Publié le 11 novembre 2012 par Julienviel

La Commission chargée de la rénovation et de la déontologie de la vie politique, dite « Commission Jospin », a rendu hier son rapport très attendu, et au final assez inégal dans la qualité et la novation de ses propositions. 

Si le rapport m'inspire une position aussi réservée, c'est que l'approbation sincère, voire enthousiaste, que m'inspirent certaines propositions qui viennent corriger des travers depuis longtemps décriés de notre vie politique, est contrebalancée par d'autres positions trop timides, ou trop faciles, ou qui renforcent certains travers tels que le fait majoritaire ou l'affaiblissement du parlementarisme. 
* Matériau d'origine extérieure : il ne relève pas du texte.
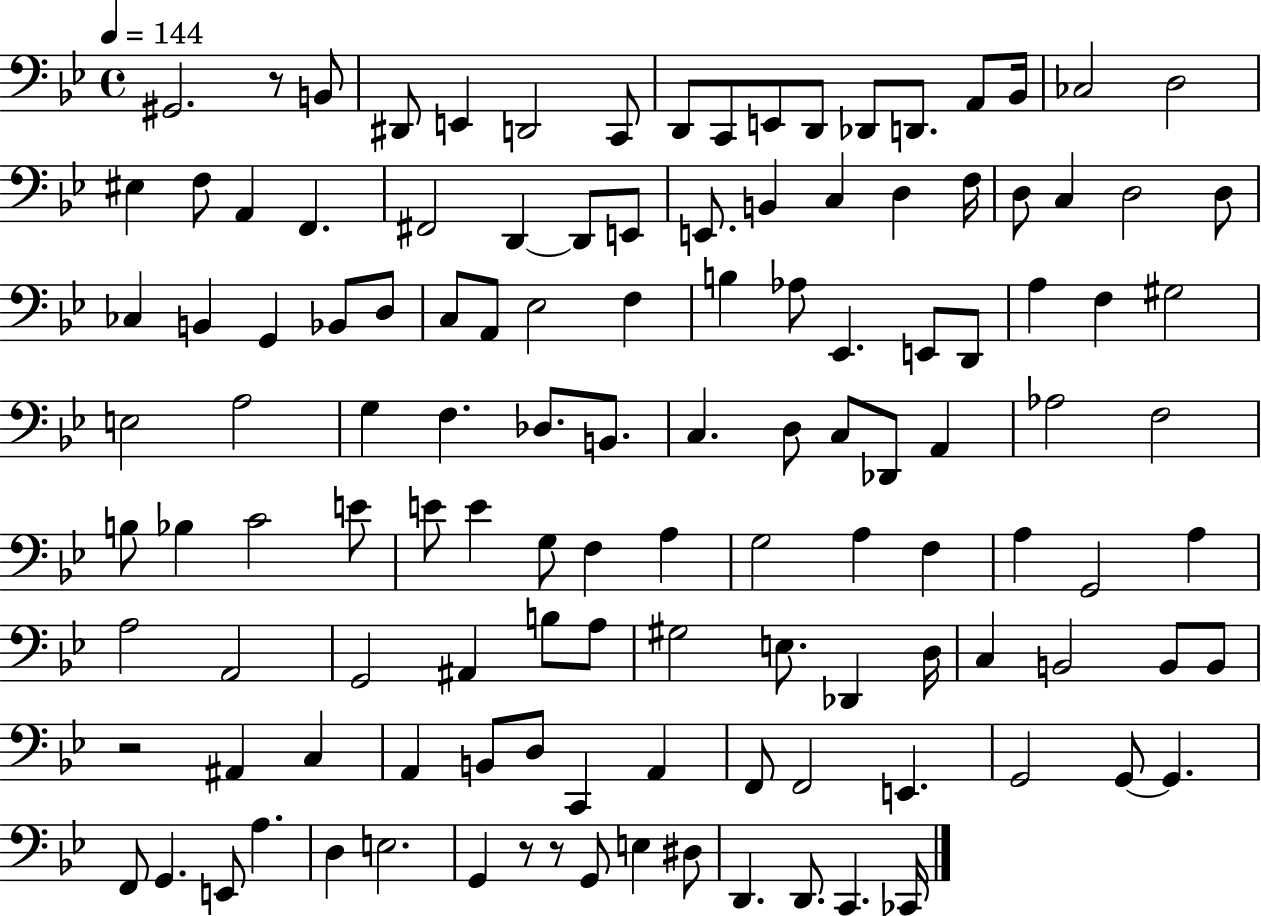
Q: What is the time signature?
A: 4/4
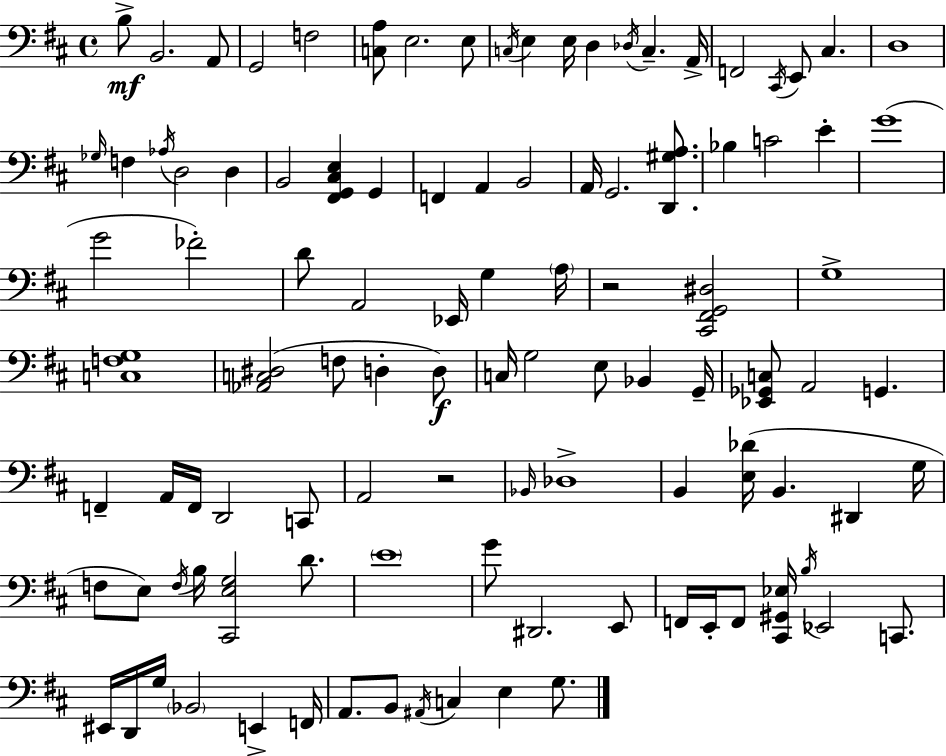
B3/e B2/h. A2/e G2/h F3/h [C3,A3]/e E3/h. E3/e C3/s E3/q E3/s D3/q Db3/s C3/q. A2/s F2/h C#2/s E2/e C#3/q. D3/w Gb3/s F3/q Ab3/s D3/h D3/q B2/h [F#2,G2,C#3,E3]/q G2/q F2/q A2/q B2/h A2/s G2/h. [D2,G#3,A3]/e. Bb3/q C4/h E4/q G4/w G4/h FES4/h D4/e A2/h Eb2/s G3/q A3/s R/h [C#2,F#2,G2,D#3]/h G3/w [C3,F3,G3]/w [Ab2,C3,D#3]/h F3/e D3/q D3/e C3/s G3/h E3/e Bb2/q G2/s [Eb2,Gb2,C3]/e A2/h G2/q. F2/q A2/s F2/s D2/h C2/e A2/h R/h Bb2/s Db3/w B2/q [E3,Db4]/s B2/q. D#2/q G3/s F3/e E3/e F3/s B3/s [C#2,E3,G3]/h D4/e. E4/w G4/e D#2/h. E2/e F2/s E2/s F2/e [C#2,G#2,Eb3]/s B3/s Eb2/h C2/e. EIS2/s D2/s G3/s Bb2/h E2/q F2/s A2/e. B2/e A#2/s C3/q E3/q G3/e.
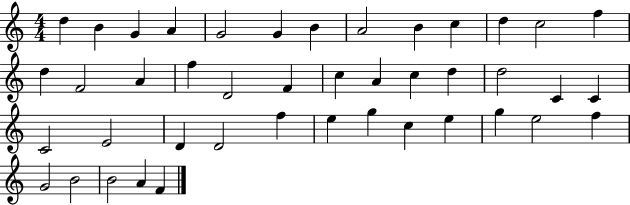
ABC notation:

X:1
T:Untitled
M:4/4
L:1/4
K:C
d B G A G2 G B A2 B c d c2 f d F2 A f D2 F c A c d d2 C C C2 E2 D D2 f e g c e g e2 f G2 B2 B2 A F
Election présidentielle : des avancées espérées sur l'organisation, tempérées par la consécration de la domination bipartisane et de l'emprise de l'exécutif sur le législatif.

S'agissant de l'élection présidentielle, la refonte du système de parrainages et le remboursement des dépenses électorales pour les candidats ayant réalisé un score autour du seuil couperet de 5% sont de nature à assurer que chaque force politique représentative d'une sensibilité spécifique pourra être représentée dans ce que la Commission consacre comme l'élection centrale de confrontation des idées et des projets, au détriment des élections législatives qui ne visent plus guère qu'à donner au président les moyens de mener à bien son programme. 

La fermeture des bureaux de vote à 20h constitue une réponse adaptée à l'évolution de la technologie et aux situations ubuesques rencontrées par les médias français lors des dernières élections.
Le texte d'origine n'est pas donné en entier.